Le 09 novembre de cette année, vous avez déclaré devant l’Assemblée Générale: « Les phénomènes météorologiques extrêmes dûs au changement climatique constituent la nouvelle norme. Notre défi reste clair et urgent: Réduire les émissions de gaz à effet de serre, afin de renforcer l’adaptation aux chocs climatiques encore plus violents, et pour atteindre d’ici à 2015, un accord sur le climat qui soit juridiquement contraignant. Cela devrait être l’une des principales leçons de l’ouragan Sandy ».

Le 13 novembre, vous déclariez à Yale : « Le débat scientifique est clos. Nous ne devons plus perdre de temps sur ce débat ».

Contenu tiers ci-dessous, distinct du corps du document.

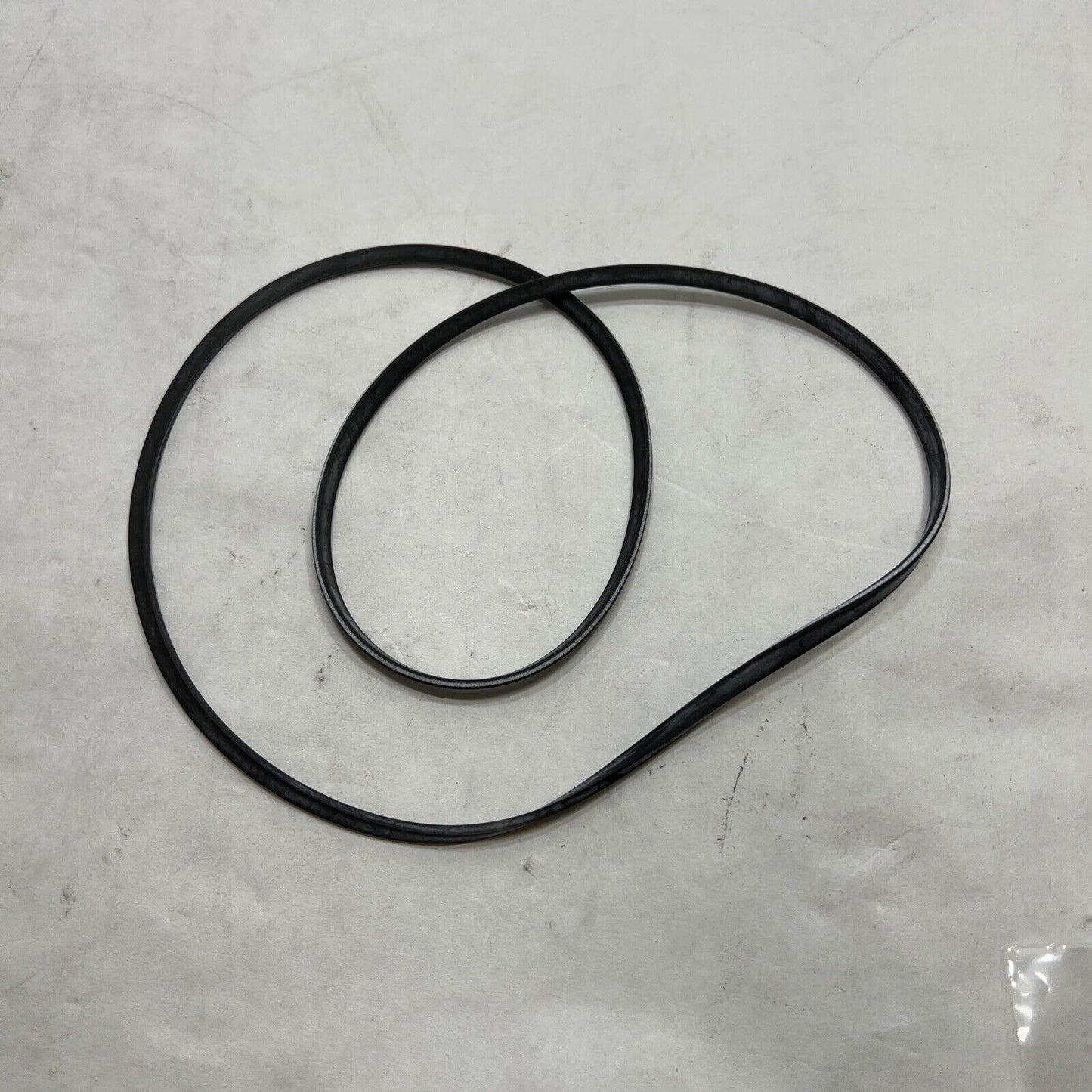 New OEM Ford Seal LC3Z7B031A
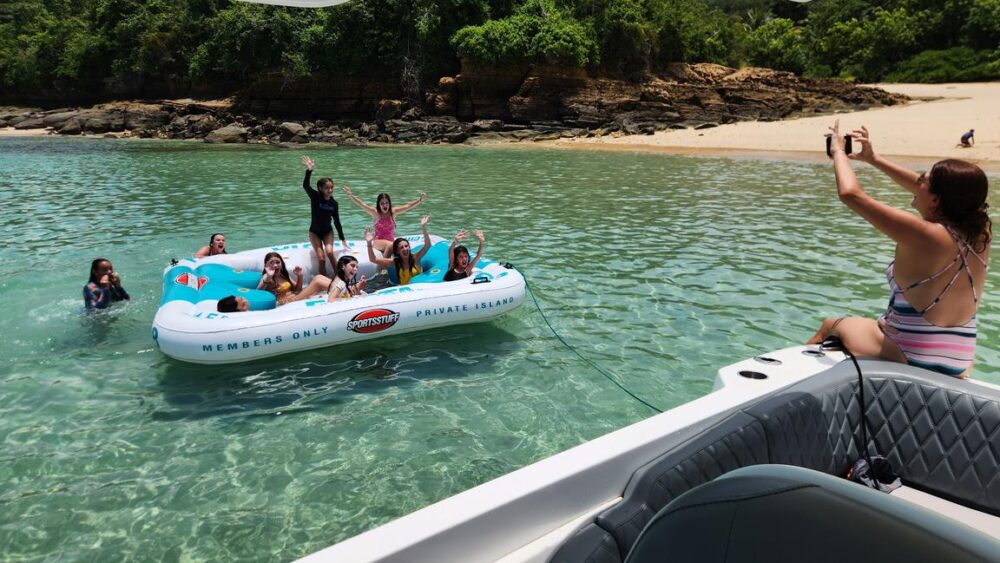 Todomar 38' Boat rental in Panama City, Panama - Image 8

Le jour suivant, au « Al Gore Meteo Dirty Webcast », vous avez parlé de « tempêtes plus sévères, de sécheresses plus dures et d’inondations plus importantes » concluant « Il y a deux semaines, l’ouragan Sandy a frappé la côte Est des Etats-Unis. Une nation a vu la réalité du changement climatique. Les conséquences coûteront des dizaines de milliards de dollars. Le coût de l’inaction serait encore bien plus élevé. Nous devons réduire notre dépendance aux émissions de carbone ».

Nous soussignés, compétents dans des domaines liés au climat, tenons à préciser que les connaissances scientifiques actuelles ne confirment pas vos affirmations.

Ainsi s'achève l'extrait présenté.